Next to the port, links to economic regions need to be created. Transforming this dirt-road into an eight lane highway is one of these projects.
In November 2010, Italian-Thai Development Plc (ITD) signed a 60-year framework agreement with the Myanmar Port Authority to build a port and industrial estate on 250 square kilometres of land in Dawei. The contract for the entire project is estimated to be at least US$58 billion. The outcome will be Burma’s first special economic zone. The project is set to be finished in 2020 and covers, next to the port and an industrial estate, the development of major infrastructure linking Burma with his neighbors.
The port itself has a planned capacity that will allow 25 vessels to berth at 22 wharfs in two adjacent ports. Together the two ports will be able to handle upward of 100 million metric tons of goods a year.

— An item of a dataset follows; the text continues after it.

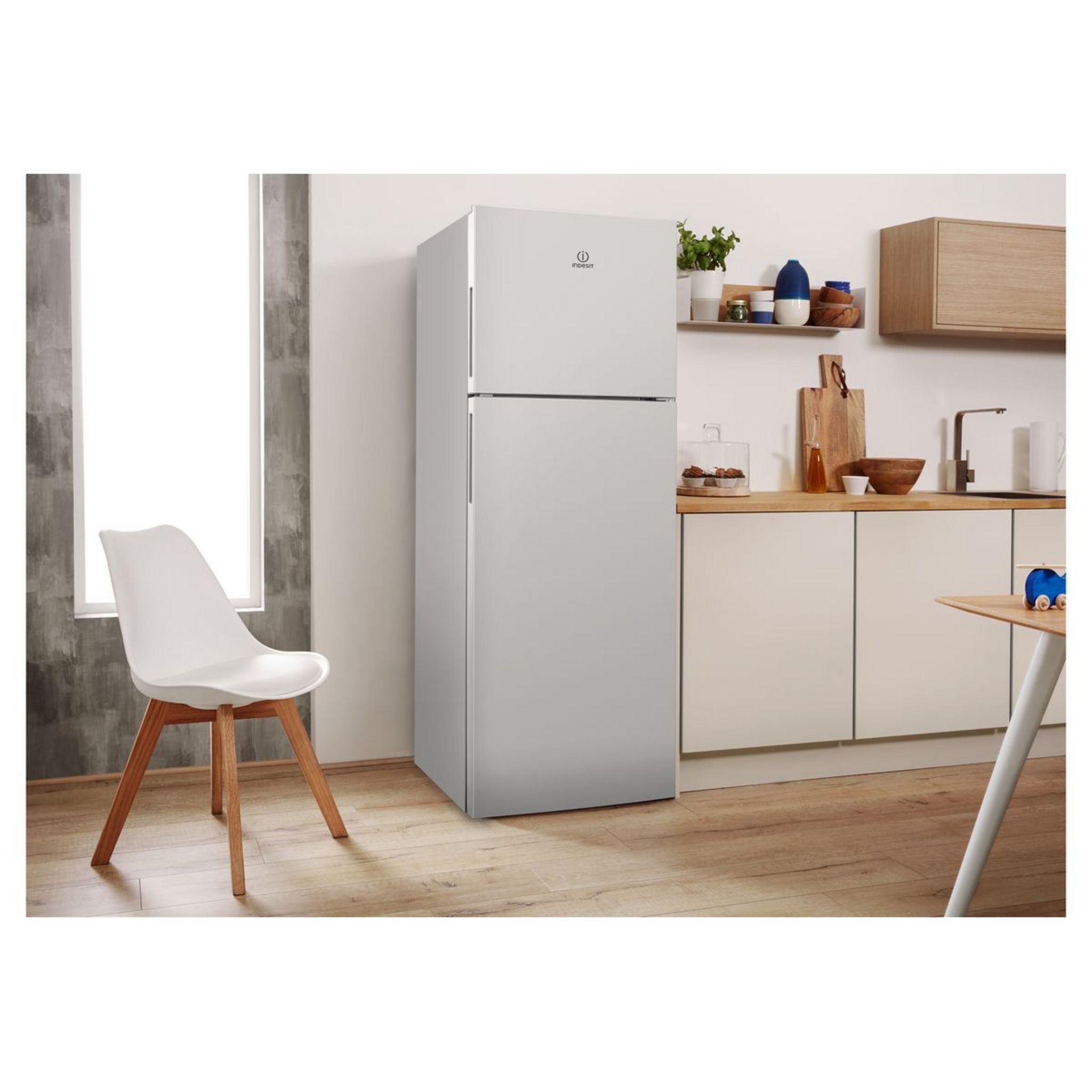 Voir la diapositive 2 : INDESIT Réfrigérateur congélateur 2 portes TIHA17VSI, 303 L, Froid brassé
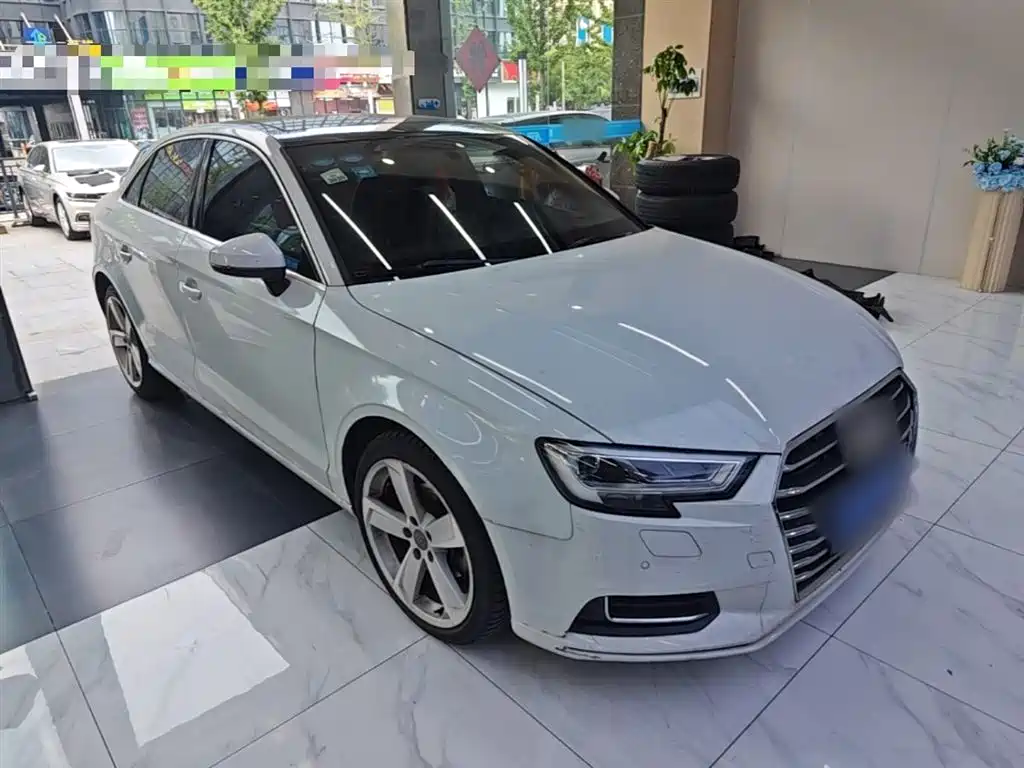 Audi A3 2018 30th Anniversary Limousine 35 TFSI Style фото 4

The industrial estate, which is likely to become the largest in Southeast Asia, will encompass six zones: port and heavy industry, oil and gas, upstream and downstream petrochemical product complexes, medium industry, and light industry. The infrastructure projects are mostly focusing on connecting the port with close by neighbor Thailand and other Southeast Asian countries. For that reason work on a highway linking Bangkok and the Dawei deep-sea port is under construction and scheduled to be finished already in one and a half years.
The Dawei port project envisions that new Burmese trans-border corridors will promote regional integration throughout Southeast Asia. Through the port and transport links, an average of 10 days will be cut from the journey of goods bound for Thailand, China, Cambodia, Vietnam and Laos because cargo will no longer need to pass through the Strait of Malacca. As in modern logistics short lead time is the key competitive factor and can be directly related to profit this project will enhance the economy throughout the region. Next it reduces the geo-political need to rely on the Strait of Malacca as the only transport route.
The Dawei Port will open new transport routes which will have positive influence on the region’s economy.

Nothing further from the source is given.